Requirement
Please repeat, precisely as written, only the lines from the one containing "L.D.V Immobilier : Domaines" through the last line of the records below, pictures omitted.

Available data
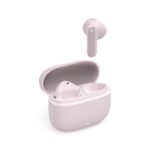 Hama Freedom Light II True Wireless Stereo In-ear Headset with Built-in Mic - Pink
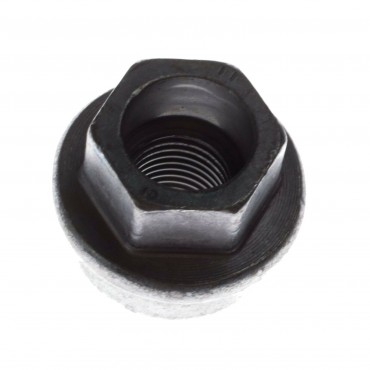 Boulon de roue Pour Ford TOURNEO Custom 2012-2020 Transit 2013-2020 1763869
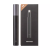 фото Триммер Xiaomi Mini Nose Hair Trimmer HN1 черный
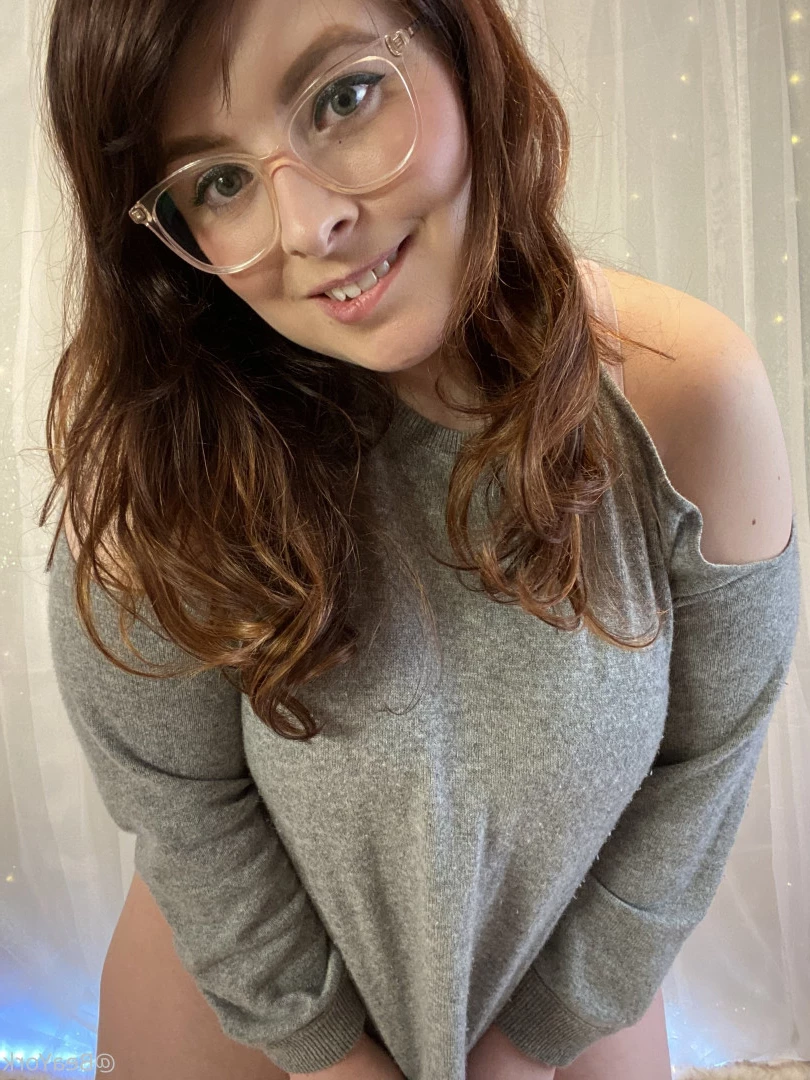 Bea York [ beayork ] Onlyfans leaked photo 5913350 on Hotleaks.tv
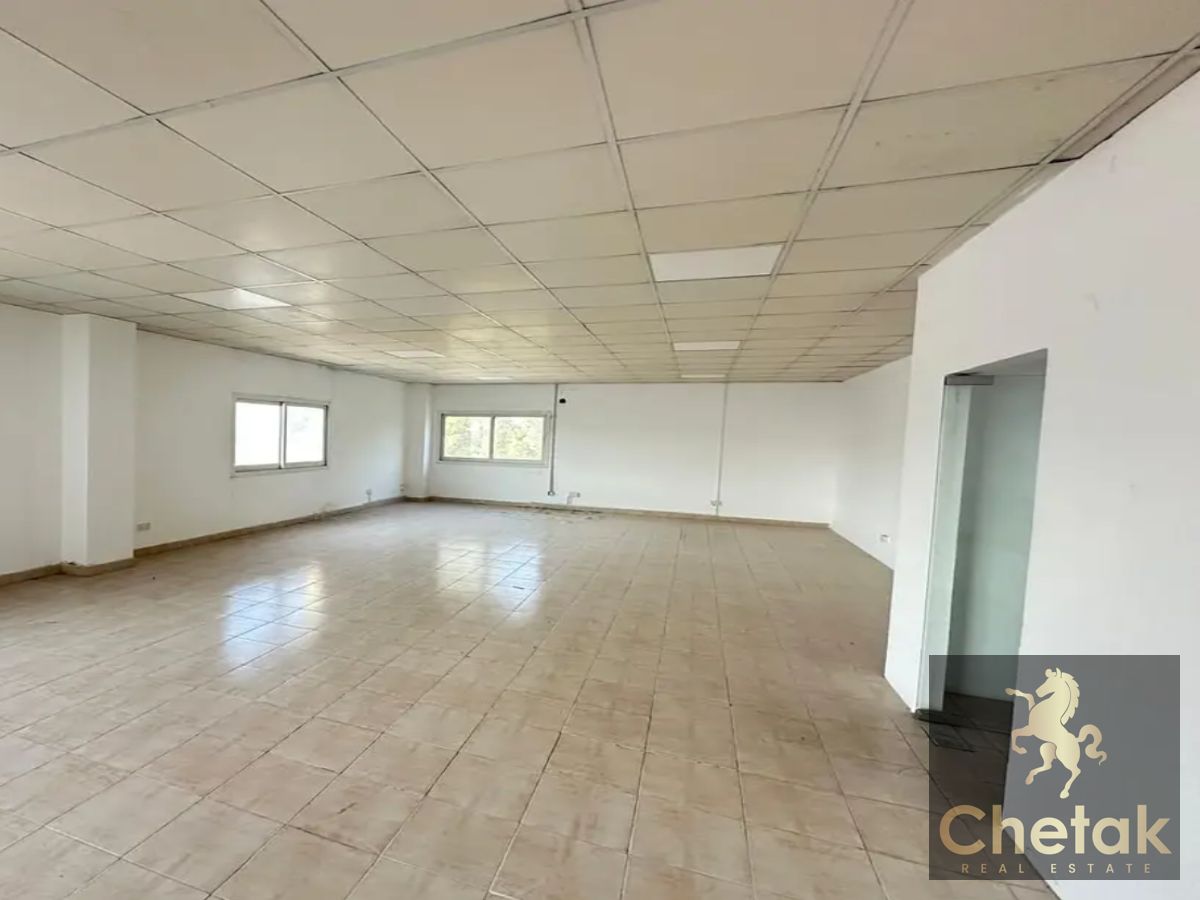 Office Space | Dubai Industrial City | Prime Location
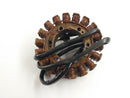 Honda Transalp XL 600 V PD06 [1991] - Alternator Stator-1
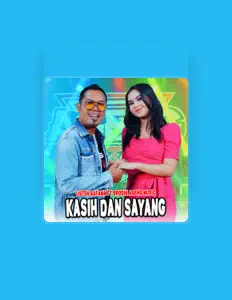 Poslechněte si interpreta Listen Safana, sledujte hudební videa, přečtěte si životopis, podívejte se na data turné a další informace.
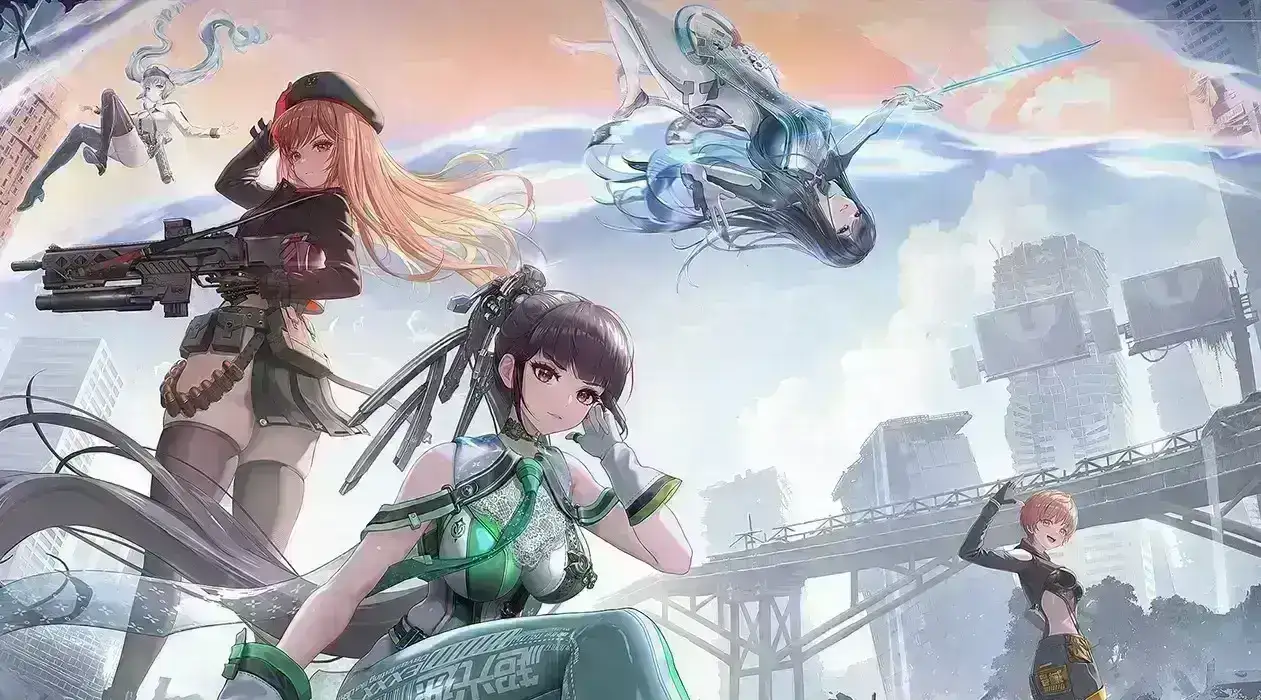 《剑星》吸血刀+200发弹药｜群战实测1V5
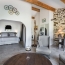  L.D.V Immobilier : Domaines / Propriétés | ROCHEBAUDIN (26160) | 480 m2 | 1 620 000 € 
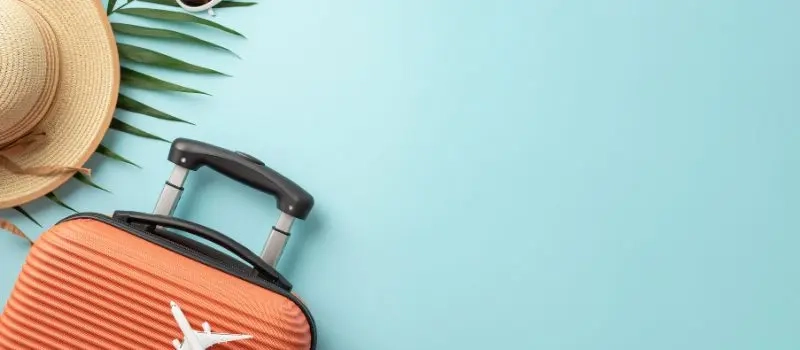 Comment bien organiser son voyage au Vietnam? Choses à savoir absolument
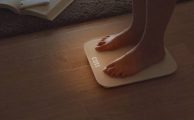Los mejores gadgets Xiaomi que no deben faltar en tu vida 'inteligente'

Your solution
  L.D.V Immobilier : Domaines / Propriétés | ROCHEBAUDIN (26160) | 480 m2 | 1 620 000 € 
 Comment bien organiser son voyage au Vietnam? Choses à savoir absolument
Los mejores gadgets Xiaomi que no deben faltar en tu vida 'inteligente'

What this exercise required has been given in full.